Comment by daneel_w
3 years ago
My source is my experience from having worked with MariaDB and MySQL for about 15 years now. The two articles you cited are 10 and 13 years old, so let's run a fresh test with two identical test tables that have their columns indexed in opposite order of eachother:
CREATE TABLE a/b
(
x int,
y int,
z int,
)
CREATE INDEX a ON a (x, y, z)
CREATE INDEX b ON b (z, y, x) # index in reverse order
Some pseudocode to illustrate how I filled the tables:
for x = 1 to 10:
for y = 1 to 1000:
for z = 1 to 10000:
INSERT INTO a/b VALUES (x, y, z)
Table a took 25 minutes and 2 seconds to populate with 100 million rows.
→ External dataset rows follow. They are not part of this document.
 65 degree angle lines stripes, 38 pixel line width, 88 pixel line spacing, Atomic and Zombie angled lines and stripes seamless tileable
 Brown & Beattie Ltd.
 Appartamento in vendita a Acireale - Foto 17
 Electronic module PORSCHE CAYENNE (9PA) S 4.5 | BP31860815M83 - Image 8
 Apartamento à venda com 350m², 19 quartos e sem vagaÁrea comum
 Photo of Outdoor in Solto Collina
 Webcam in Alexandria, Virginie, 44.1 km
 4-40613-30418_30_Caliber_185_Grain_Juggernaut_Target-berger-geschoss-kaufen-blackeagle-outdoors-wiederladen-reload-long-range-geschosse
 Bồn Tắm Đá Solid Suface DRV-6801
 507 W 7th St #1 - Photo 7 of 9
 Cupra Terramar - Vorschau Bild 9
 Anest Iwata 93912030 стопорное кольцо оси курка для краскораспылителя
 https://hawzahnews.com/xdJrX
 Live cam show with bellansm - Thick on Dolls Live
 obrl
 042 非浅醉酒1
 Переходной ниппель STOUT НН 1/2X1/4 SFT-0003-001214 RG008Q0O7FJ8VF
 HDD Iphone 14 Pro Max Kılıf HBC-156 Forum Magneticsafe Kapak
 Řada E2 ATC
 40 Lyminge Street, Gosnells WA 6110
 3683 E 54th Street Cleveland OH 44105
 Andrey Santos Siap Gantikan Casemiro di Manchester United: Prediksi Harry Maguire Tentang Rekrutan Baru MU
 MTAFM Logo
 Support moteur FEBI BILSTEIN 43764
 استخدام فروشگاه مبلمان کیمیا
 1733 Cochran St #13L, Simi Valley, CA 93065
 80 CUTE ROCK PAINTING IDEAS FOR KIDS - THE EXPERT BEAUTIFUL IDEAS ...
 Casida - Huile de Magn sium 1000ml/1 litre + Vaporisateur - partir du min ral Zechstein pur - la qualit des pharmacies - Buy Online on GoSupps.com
Table b took 37 hours and 40 minutes to populate. Something's up. I built table a a second time, again taking pretty much the same 25 minutes, and I tried building table b again as well but gave up after four hours. It's definitely not the computer acting up, nor the storage.
+--------+------------+
| Table | Checksum |
+--------+------------+
| test.a | 4243132544 |
| test.b | 4243132544 |
+--------+------------+
Not the data either. Both tables checksum identically. Here's what the storage looks like:
-rw-rw---- 1 mysql mysql 6618611712 Jan 15 15:42 a.ibd
-rw-rw---- 1 mysql mysql 8715763712 Jan 16 17:42 b.ibd
+------------+-----------+-----------+
| table_name | data_mb | index_mb |
+------------+-----------+-----------+
| a | 3478.0000 | 2132.0000 |
| b | 3769.0000 | 4290.7344 |
+------------+-----------+-----------+
So the index of table b is obviously a horrendous crow's nest. It's twice as large as the index of table a, and it's even occupying more space than the actual rows themselves. I ran 100k reproducible queries on each of the tables to see how the composite indices perform. More wonky pseudocode:
srand ( 1234567 )
for i = 1 to 100000:
# this includes 0 which is intentional
xr = prng ( 0 to 10 )
yr = prng ( 0 to 1000 )
zr = prng ( 0 to 10000 )
SELECT * FROM a/b WHERE x = xr AND y = yr AND z = zr
table a
=======
42 seconds
48 seconds
35 seconds
table b
=======
87 seconds
71 seconds
69 seconds
Some caching is of course involved. I queried the tables one after another just to see if rattling the cage a bit would have any effect:
table a: 48 seconds
table b: 83 seconds
table a: 61 seconds
table b: 72 seconds
A little bit, but nowhere near enough to outperform the lean and correctly built index on table a. And this is just a simple three-column composite index - the problem I'm illustrating grows exponentially with every column you add to the composite.
Interesting, I’ll have to dig more into this. Thanks for the super detailed response!